(Reuters) - A former student who was stabbed by a classmate can sue the University of California Los Angeles (UCLA) for failing to protect her from the assailant who had been treated for mental illness and barred from campus housing because of a prior physical altercation, California’s top court ruled on Thursday.
“Considering the unique features of the collegiate environment, we hold that universities have a special relationship with their students and a duty to protect them from foreseeable violence during curricular activities,” the California Supreme Court said, allowing Katherine Rosen to proceed with her lawsuit.
The decision overturned dismissal of Rosen’s case by an appeals court in 2015, which said colleges “are not liable for the criminal wrongdoing of mentally-ill third parties, regardless of whether such conduct might be in some sense foreseeable.” The case will now return to a lower court for further deliberations.
Rosen was doing classwork in a chemistry laboratory in 2009 when fellow student Damon Thompson stabbed her in the neck and chest with a kitchen knife.
Prosecutors charged Thompson with attempted murder, and in 2010 a judge found him not guilty by reason of insanity. That year, Rosen sued UCLA, alleging the attack was foreseeable and the university failed to take reasonable measures to protect her or warn her.
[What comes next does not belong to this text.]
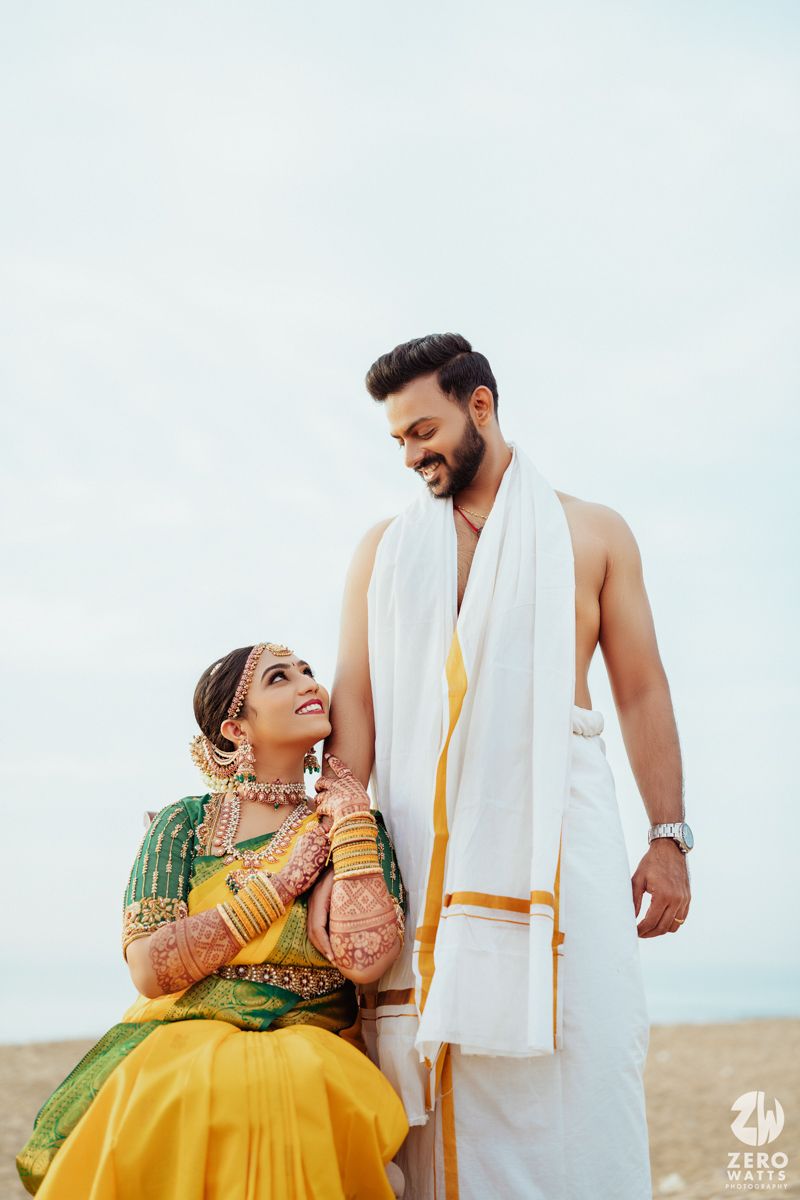 South Indian couple in traditional wedding attire posing against sky on beach.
UCLA employees had been closely monitoring Thompson after he reported hearing voices and having paranoid thoughts, and a campus psychologist diagnosed Thompson with schizophrenia, according to Thursday’s ruling.
The university had also expelled him from campus housing after he pushed another student.
The ruling noted another warning sign: In the days before the attack, a teaching assistant was skeptical when Thompson told him that several students, including Rosen, had called him stupid.
Rosen’s lawyer, Alan Charles Dell’Ario, said she never called Thompson stupid.
The ruling only applies in California but is likely to influence judges in other U.S. states. Many U.S. courts have ruled that high schools have a duty to protect students from foreseeable violence, but it has been less certain if the same obligation exists for universities, said Benjamin Zipursky, a professor at Fordham Law School.
“The California Supreme Court is often regarded as the leading state high court on negligence law,” Zipursky said. “So I think it will have a significant impact on what other courts say on this issue.”